You are coming to illustrate the OP here - no sense of fairness, no honest attempt to address issues, just a bunch of bs and rant in the service of what looks more and more like a bad conscience. It's not your fault the US interned its Japanese ethnics and no others, it's not your fault the US carefully prevented the Japanese from finding out about the Bomb or negotiating surrender until it had a chance to drop two of them of different designs, incinerating whole cities full of women and children and old folks. But the US will never be able to protect itself from making such moral errors in the future, if it refuses to recognize them in its past.
And this amnesiac, ahistorical approach to evaluation of alternatives may be a clue as to why and how the fair fight norm eroded away - the sense of accountability over time, of building a reputation in a community, of guarding one's honor, is probably important to the fair fight norm.
It's not me who omits to consider all the facts surrounding the action/decisions 'on the ground' at the time. Your 'takes' and comments are obviously made from the comfort of your computer chair and complacent safety/security which was ALSO BOUGHT FOR YOU AND ME WITH THE BLOOD of all those who perished along those island chains leading to Japan at the time. You apparently would have shed even more of their blood just to say "using the a-bomb was an unforced error". Tell that to those who would have died if not for that, as well as to those who died ELSEWHERE in TOTAL WAR scenarios across the globe.

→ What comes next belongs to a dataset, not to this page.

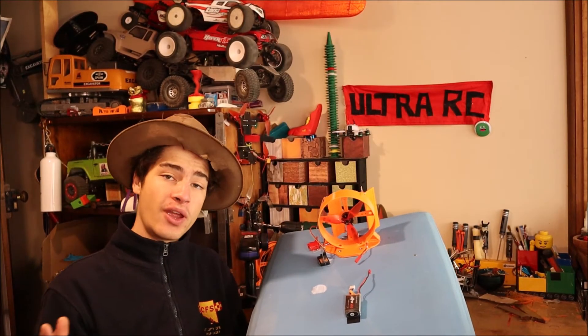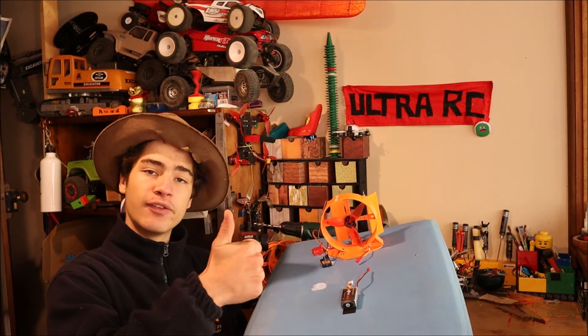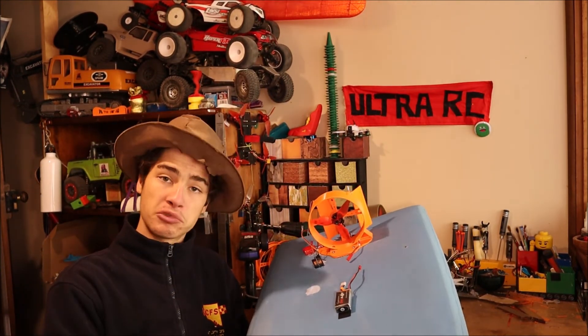Alright guys, so that is how you build your very own RC airboat. So, if you like this awesome Ultra-RC video, give it a thumbs up, subscribe so you don't miss any more awesome Ultra-RC videos. And remember, there's a comment section down below for a reason, so make most of that and see you around later.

Mate, I have said all I am going to say on this SPECIFIC aspect which was the subject of my initial post to Fraggle. I have said it for your benefit as well as for the sake of balanced consideration of all the accompanying circumstances regarding the decisions/actions and their 'fairness' or otherwise given the circumstances which I have tried to apprise you of, and which obviously your reading of history did not uncover, thus making your own opinions somewhat less than 'authoritative' when it comes to assessing the 'fairness' or otherwise of this SPECIFIC subject matter. The general issue of fairness/unfairness as a legacy of those WWII and cold war times is still up for discussion.
About which general issue I will just venture to say that BOTH unfairness AND fairness are evident in the current global community/actions/intents. And it is our generations responsibility that the unfairnss is eventually outweighed by the fairness, and by as large a margin as is possible to achieve HUMANELY and not blindedly by purely subjective opinion/religion/ideology means whose legacies will not endure unless tempered by reality and the human condition as it is and has always been. Learn from our mistakes and from history's legacies on all 'sides'. Good will and good luck to us all! Stay safe, and be fair as you humanly can, everyone.